*** Opening of Collected material ***

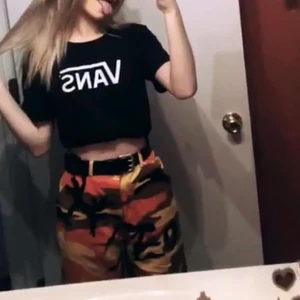 Vans tröja  - Den passar jättebra och är mjuk i insidan och skön att ha på sig och är inte jobbig att få på sig den 💕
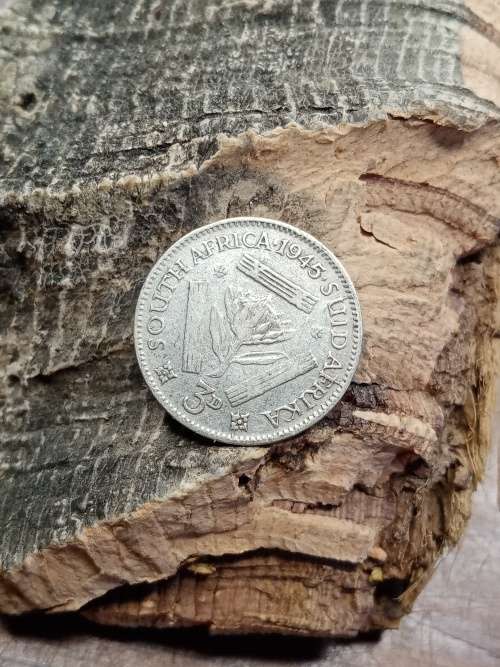 Threepence 1945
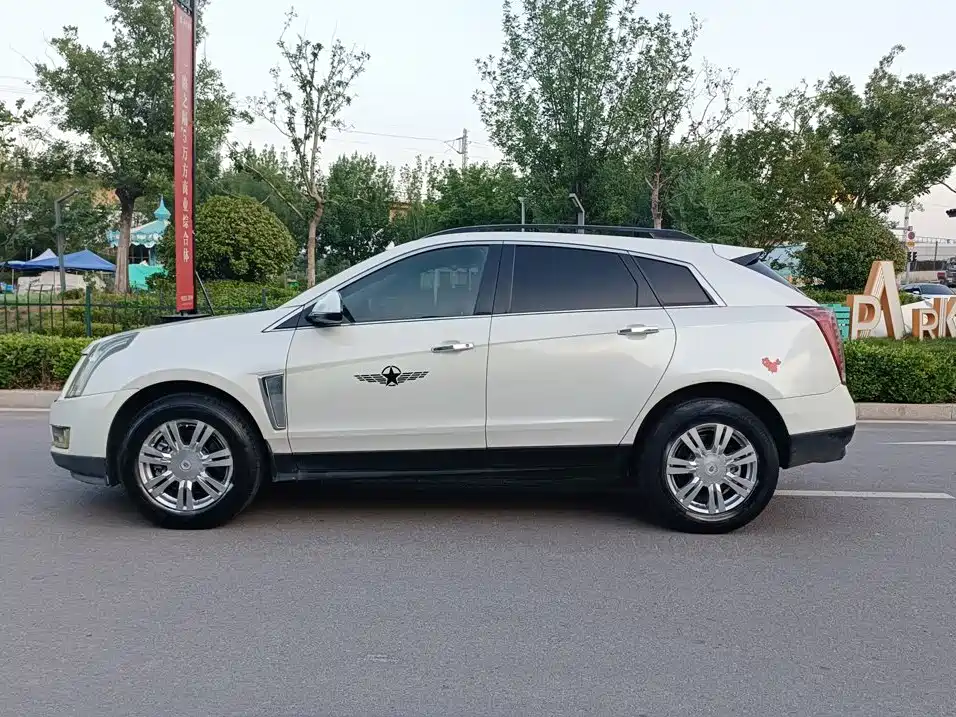 Фото 3 - Cadillac SRX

*** Close of Collected material ***

- [Problem statement]: Leave the pictures out and output the rest of the listing exactly.

- [Solution to this task]:
 Vans tröja  - Den passar jättebra och är mjuk i insidan och skön att ha på sig och är inte jobbig att få på sig den 💕
 Threepence 1945
 Фото 3 - Cadillac SRX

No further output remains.